(Dataset items)
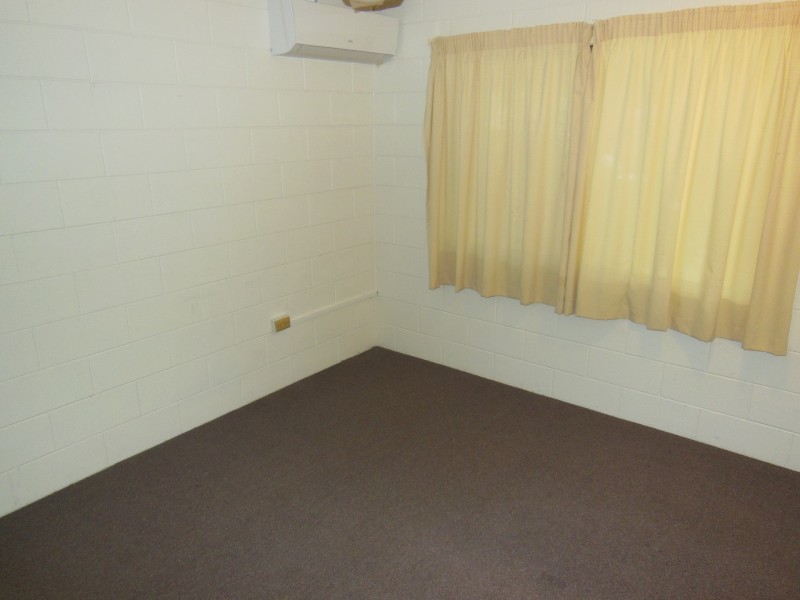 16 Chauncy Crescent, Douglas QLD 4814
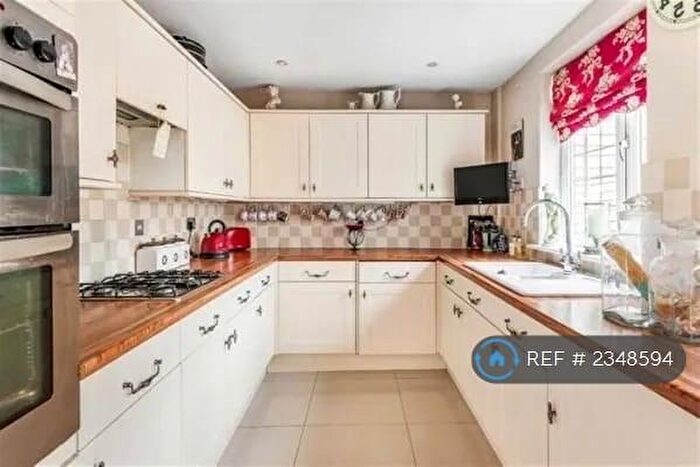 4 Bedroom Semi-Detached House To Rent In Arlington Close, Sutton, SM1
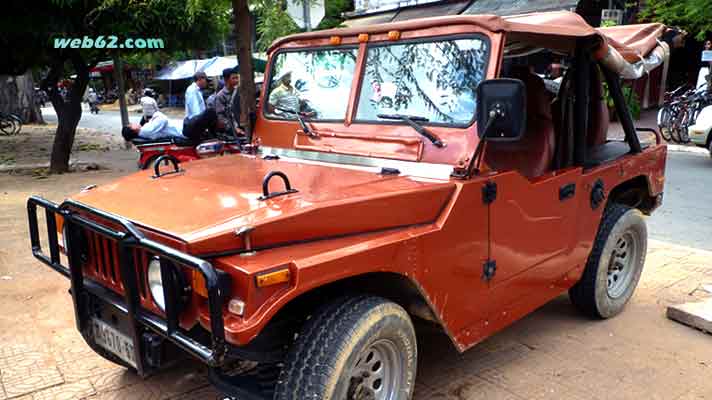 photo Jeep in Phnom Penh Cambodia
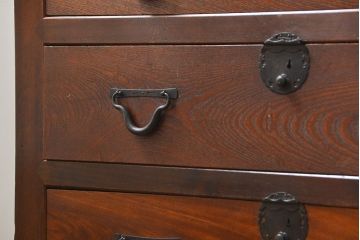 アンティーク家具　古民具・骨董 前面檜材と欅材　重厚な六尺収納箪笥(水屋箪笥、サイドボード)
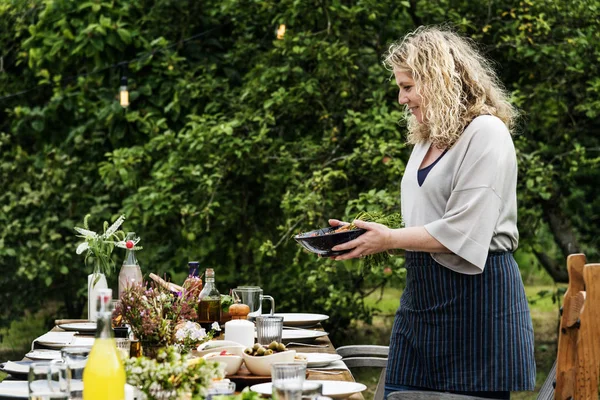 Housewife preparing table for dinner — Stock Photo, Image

## Aim of the task
Output the entries above exactly as given, but strip out the pictures.

## Worked solution
 16 Chauncy Crescent, Douglas QLD 4814
 4 Bedroom Semi-Detached House To Rent In Arlington Close, Sutton, SM1
 photo Jeep in Phnom Penh Cambodia
 アンティーク家具　古民具・骨董 前面檜材と欅材　重厚な六尺収納箪笥(水屋箪笥、サイドボード)
 Housewife preparing table for dinner — Stock Photo, Image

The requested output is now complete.